Infatti Pietro osa strattonarlo e rimproverarlo per quello che va dicendo a
riguardo della sua missione di inviato del Padre. E Gesù non gli risparmia il
titolo di “Satana”; gli ordina di mettersi dietro e non davanti. Il
discepoli vuole insegnare al Maestro.
E’
la tentazione di tutti noi credenti, della stessa Chiesa, quando non pensiamo “secondo
Dio, ma secondo gli uomini”, scegliamo e seguiamo la mentalità del mondo
che non ammette rallentamenti e sconfitte. Animati anche da buoni sentimenti,
possiamo essere “pietre friabili” che non sostengono più i fratelli, non
offrono stabilità al progetto di Dio. Non costruiamo la Chiesa, segno e seme di
nuova umanità.
Il
nostro andare con Gesù è un metterci davanti a Lui e dettargli come deve essere
il vangelo, come deve essere la nostra vita di credenti, di discepoli? Siamo
nella necessità di ritornare a metterci dietro e seguirlo su passi che
rimangono poco comprensibili?
“Se qualcuno vuol venire dietro a me,
rinneghi se stesso, prenda la sua croce e mi segua”.
Questa
affermazione di Gesù ha destato in me una domanda, una curiosità: Qual è stata
la croce di Gesù? Certamente quella finale sul Calvario. Io penso che la croce
di Gesù sia stata, prima di quel supplizio, prima degli avversari che gliel’ hanno imposto, sia stata proprio la
cerchia dei discepoli e amici.
Gli
volevano bene, lo ammiravano, si compiacevano di lui, erano testimoni delle sue
opere prodigiose , ma non mancavano di contrastarlo perché i loro pensieri non
erano secondo Dio. L’amore di Dio che in lui si manifestava era contrastato.

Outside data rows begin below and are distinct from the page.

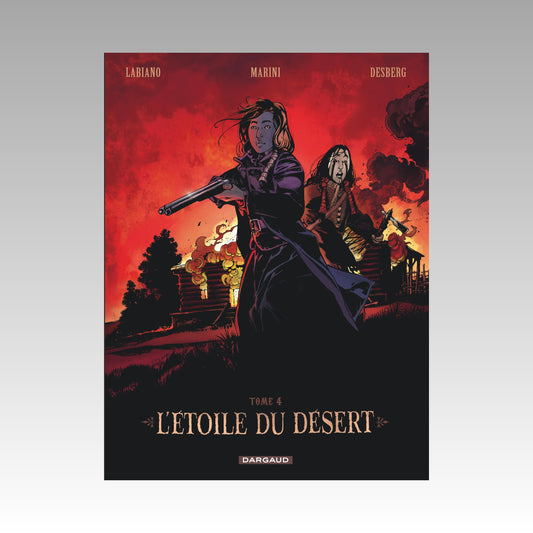 L'étoile du désert. Tome 4
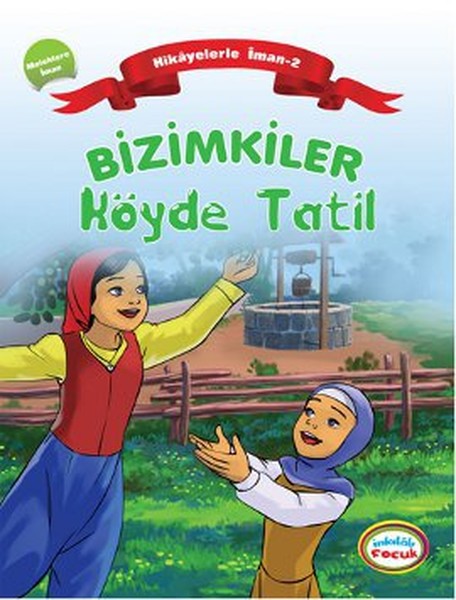 Bizimkiler  Köyde Tatil  Hikayelerle İman 2  Meleklere İman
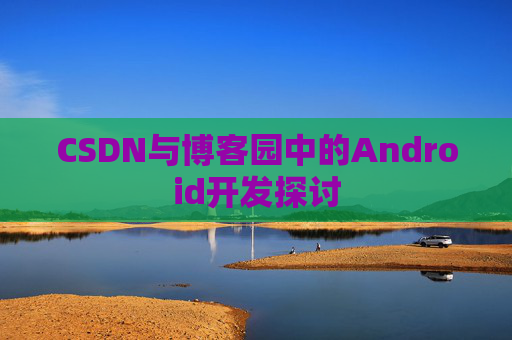 CSDN与博客园中的Android开发探讨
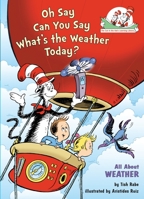 Oh Say Can You Say What's the Weather Today?: All About Weather 0375822763 Book Cover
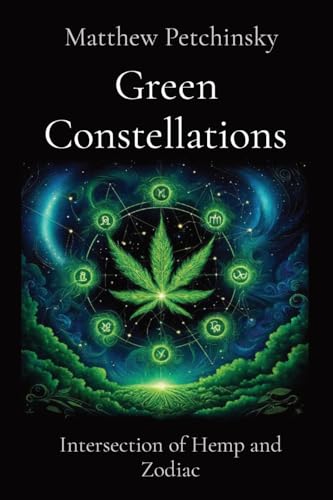 Petchinsky - Green Constellations: Intersection of Hemp and Zodiac - N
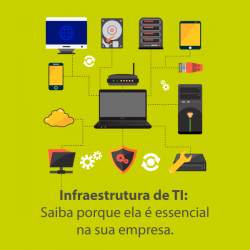 Infraestrutura de TI: Saiba porque ela é essencial na sua empresa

Allora la croce di Gesù era la contestazione dei suoi e la solitudine in cui
ritrovava.
Pensiamoci
bene: è la croce del profeta, è la croce del pastore (quando è profeta, quando
dice le parole che Dio gli affida), come appare nella 1à lettura la figura di
Geremia: “Sono diventato oggetto di derisione, ognuno si fa beffe di me,e la
parola del signore che io annuncio mi attira lo schermo della gente”.
E’
la croce di chi ama, e non vede ascoltato l’amore che indica la via. E’ la
croce di una mamma, di un papà, incompresi e contestati dai figli. E’ la croce
di una sposa, di uno sposo, che non riescono a condividere quel progetto di
vita per cui si erano promessi amore per sempre. E’ la croce di amici che
cercano di aiutare altri ad uscire da false illusioni.
Il
risultato di questa incomprensione e relativa contestazione è la solitudine,
pur continuando a sentirsi dire, “ti voglio bene, ti sono vicino”. E’ la croce
di chi educa, di chi serve, ma non sono condivise le sue scelte!
Ma
non dobbiamo perderci d’animo, non cediamo alla paura e allo scoraggiamento –
ed è questa la bella notizia che ci sorregge – se in noi c’è quello che il
profeta Geremia avvertiva dentro di sé: “un fuoco ardente nel mio cuore,
trattenuto nelle mie ossa”. Questo fuoco è l’amore, l’amore di Dio, che
investe anche il fisico, che ci consente di portare, come dice Gesù, la nostra
croce.“Mi sforzavo di contenerlo. Ma non potevo”. Ecco, l’ impossibilità
di trattenere l’amore o liberarmi di esso è la mia forza, la salvezza della mia
vita, del mio ministero, e anche, spero, di voi!